··· Information provided

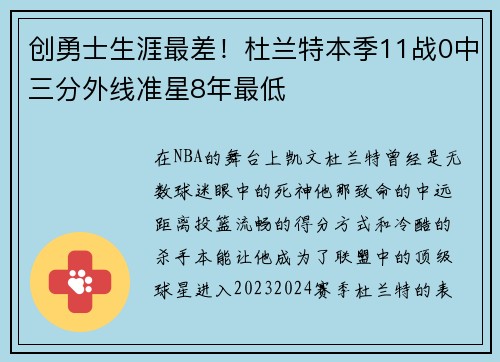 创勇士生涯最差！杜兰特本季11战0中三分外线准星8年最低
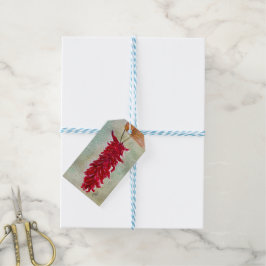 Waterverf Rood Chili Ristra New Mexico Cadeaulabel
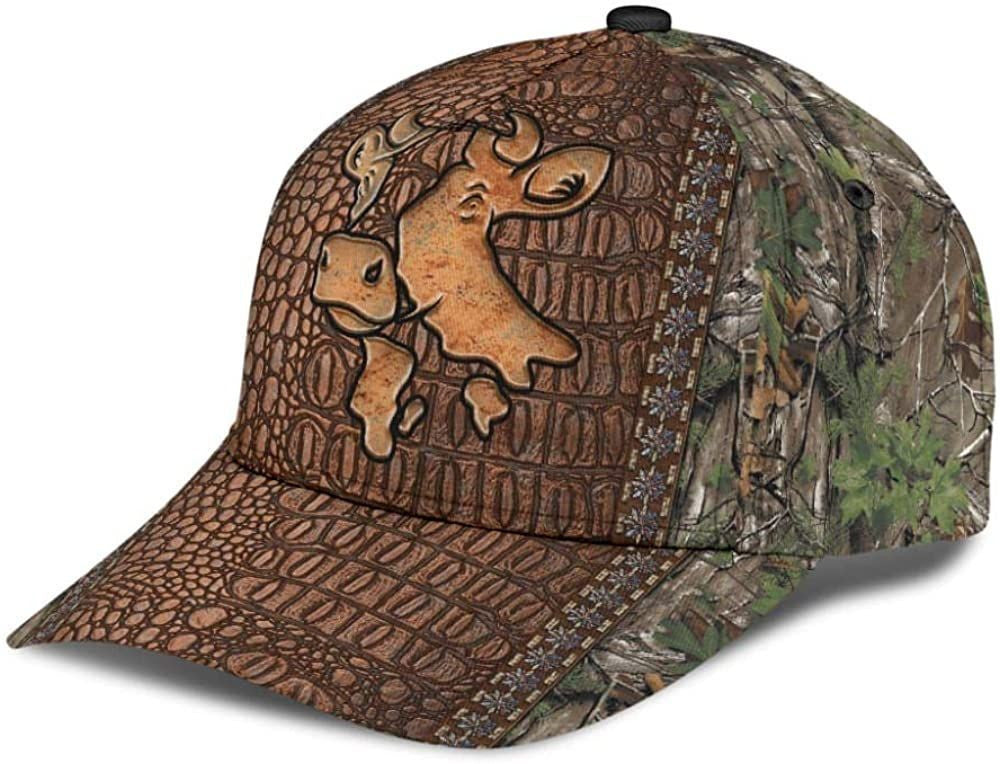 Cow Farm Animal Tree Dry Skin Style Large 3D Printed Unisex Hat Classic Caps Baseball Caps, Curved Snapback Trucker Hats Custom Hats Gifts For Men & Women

······

Without including any pictures, reproduce the listing exactly.

Answer below:
 创勇士生涯最差！杜兰特本季11战0中三分外线准星8年最低
 Waterverf Rood Chili Ristra New Mexico Cadeaulabel
 Cow Farm Animal Tree Dry Skin Style Large 3D Printed Unisex Hat Classic Caps Baseball Caps, Curved Snapback Trucker Hats Custom Hats Gifts For Men & Women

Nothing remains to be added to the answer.